So I keep them gated off from each other.

A dog sitter’s best friend is the baby gate. We have four. One of them separates the guest rooms from the main house (no accidents or shedding allowed back there). Two of them gate off our kitchen, because whoever built our house had a hard-on for open floor plans with minimal actual doors. All three of these are tension gates that fit in a doorway.

The fourth gate is a long one. Normally it creates a foyer space and keeps dogs away from the front door, but in a pinch I can reposition it to stretch across between the living room and the den. It has attachment points that are supposed to screw into the wall; but I needed it moveable, so we left it free, just bracing it in place with water bottles or chairs or whatever.

So now I have three main areas for the dogs, instead of one (minus the kitchen, where guest dogs are mostly not allowed). This means I have an “airlock” of sorts. A doglock, if you will.

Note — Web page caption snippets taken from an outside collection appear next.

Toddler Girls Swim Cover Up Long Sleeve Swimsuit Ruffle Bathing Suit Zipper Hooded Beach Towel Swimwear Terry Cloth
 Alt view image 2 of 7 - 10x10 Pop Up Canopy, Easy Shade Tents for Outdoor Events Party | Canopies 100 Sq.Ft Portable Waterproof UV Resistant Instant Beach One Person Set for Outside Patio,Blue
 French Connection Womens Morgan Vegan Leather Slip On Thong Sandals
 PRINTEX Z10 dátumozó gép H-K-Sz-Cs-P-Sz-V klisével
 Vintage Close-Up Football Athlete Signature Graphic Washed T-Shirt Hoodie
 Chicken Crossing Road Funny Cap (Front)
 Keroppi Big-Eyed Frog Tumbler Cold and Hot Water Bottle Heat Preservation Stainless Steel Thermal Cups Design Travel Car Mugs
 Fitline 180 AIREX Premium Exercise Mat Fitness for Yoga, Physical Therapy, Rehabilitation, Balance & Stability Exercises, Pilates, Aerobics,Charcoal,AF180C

Excluding first thing in the morning, when pottying is an immediate need, Rosco and Maverick go outside separately. Rosco is easy—he’s already in the den, where the back door is. But then after he finishes, I have to get Maverick outside without him being in Rosco’s space. So Maverick waits in the kitchen while I’m outside with Rosco. Then Rosco comes in, moves through the gate to the living room, and I let Maverick into the den. Maverick goes outside, and when we’re done, Rosco goes into the kitchen, Maverick into the dining room, and Rosco back to the den.

Yes, I play musical dogs.

Outside time is both pottying time and exercise time. Bran and Arya go, too, with both dogs, since they refuse to be separated from me. I move myself (and Bran and Arya) occasionally from living room to den and back again so that I spend plenty of loving time with both guests.

It’s the glamorous life of a dog sitter, y’all.

Maverick (above) and Rosco (below) are total couch potatoes.